Architecture overview of Data Prep Kit (DPK)

Understanding the modular architecture of Data Prep Kit

By

Aanchal Goyal,

David Wood

Data Prep Kit (DPK) is a versatile framework that developers can use to streamline data processing for AI applications. Its modular architecture enables developers to rapidly create and deploy custom data transforms. The DPK architecture is designed to enable developers to quickly create these transforms and easily deploy them to process data. It is designed to be data agnostic, and as such, it can support use cases in natural language and code data modalities. Moreover, developers can add new data preparation modules to satisfy their domain-specific data processing needs.

Developers, data scientists, and data engineers can all use DPK to build scalable data preparation pipelines using frameworks such as Ray or Spark. These data preparation pipelines can be run in a low-code fashion by using Kubeflow Pipelines KFP UI. DPK is fully scalable from running the data preparation modules on just a laptop to a production-level cluster.

The following figure shows a detailed DPK architecture. However, in this article, we briefly describe only the important components. More complete technical details of the DPK architecture are available in our DPK technical paper.

DPK architecture

Core components of DPK

The DPK architecture is composed of three fundamental components:

  1. Data access components
  2. Transformation components
  3. Runtime components

Data access components

The Data Access components provide a unified interface for interacting with diverse data sources, including local file systems, Amazon S3 (Simple Storage Service)-compatible storage, and more.

These components identify and select target data sources, read and write data in supported formats (like Apache Parquet), and implement checkpointing for robust job recovery.

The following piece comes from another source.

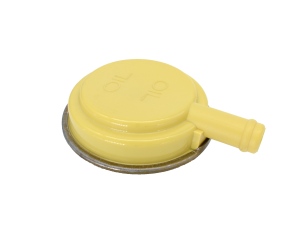TM27 Oil Fill Breather Cap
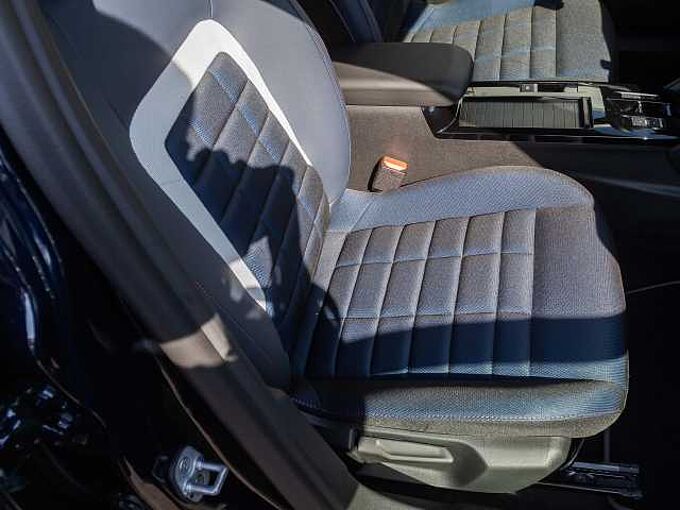 Citroen C4 Hybrid 145 COLLECTION Winterpaket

You can configure the Data Access components using command-line arguments, completely independent of individual transforms and runtime settings.

Transform components

The Transform components run specific data processing operations, such as conversion, de-duplication, and entity identification.

These components can support various data transformation patterns:

  • 1:1 – A single data object is transformed into a single transformed data object, such as annotating each row with a model score.
  • 1:N – A single data object is transformed into multiple data objects, such as splitting of rows based on a given criterion.
  • N:1 – Multiple data objects are aggregated into a single object, such as combining multiple rows to a single row.
  • N:M – Any number of data objects are converted to any number of data objects, such as sorting data into data objects of a specific type.

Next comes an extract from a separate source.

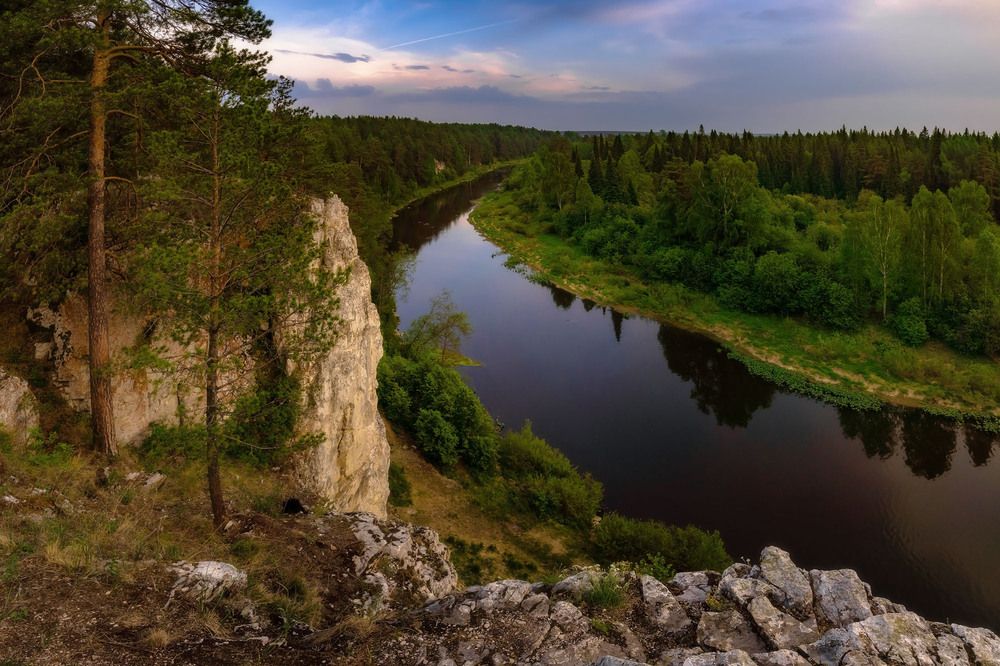 Photograph by Сергей Межин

Also, these components provide a flexible framework for creating custom transforms while also offering built-in support for common operations like table transformations.

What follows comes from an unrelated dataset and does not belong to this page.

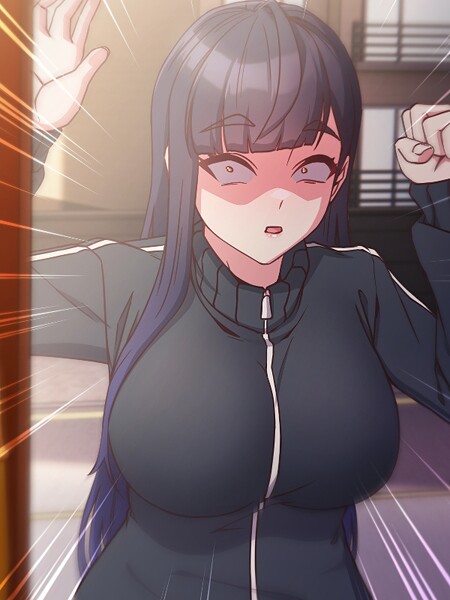 フルカラー-【おかず屋さんのママ店長にばぶりしゃす10】MOAI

You can configure the Transform components using command-line arguments to tailor the behavior of the transforms to specific use cases.

Runtime components

The Runtime components manage the execution environment for the data transforms, distributing the work across multiple workers all while monitoring the progress of the transforms.

These components support various runtime environments, including Python, Ray, and Spark. It orchestrates the execution of the data transforms by assigning tasks to available workers. Additionally, it provides mechanisms for checkpointing and fault tolerance.

You can configure the Runtime components using command-line arguments to control the execution environment and resource allocation.

Summary

Data Prep Kit is a scalable, flexible, robust, and easy to use framework for data processing. Data Prep Kit is data agnostic, handling diverse data formats including text, code, and structured data. It uses distributed computing frameworks like Ray and Spark to efficiently process large data sets. Developers can create custom transforms (to supplement the built-in transforms) to readily address specific data processing needs. Lastly, it incorporates checkpointing and fault tolerance mechanisms to ensure reliable execution.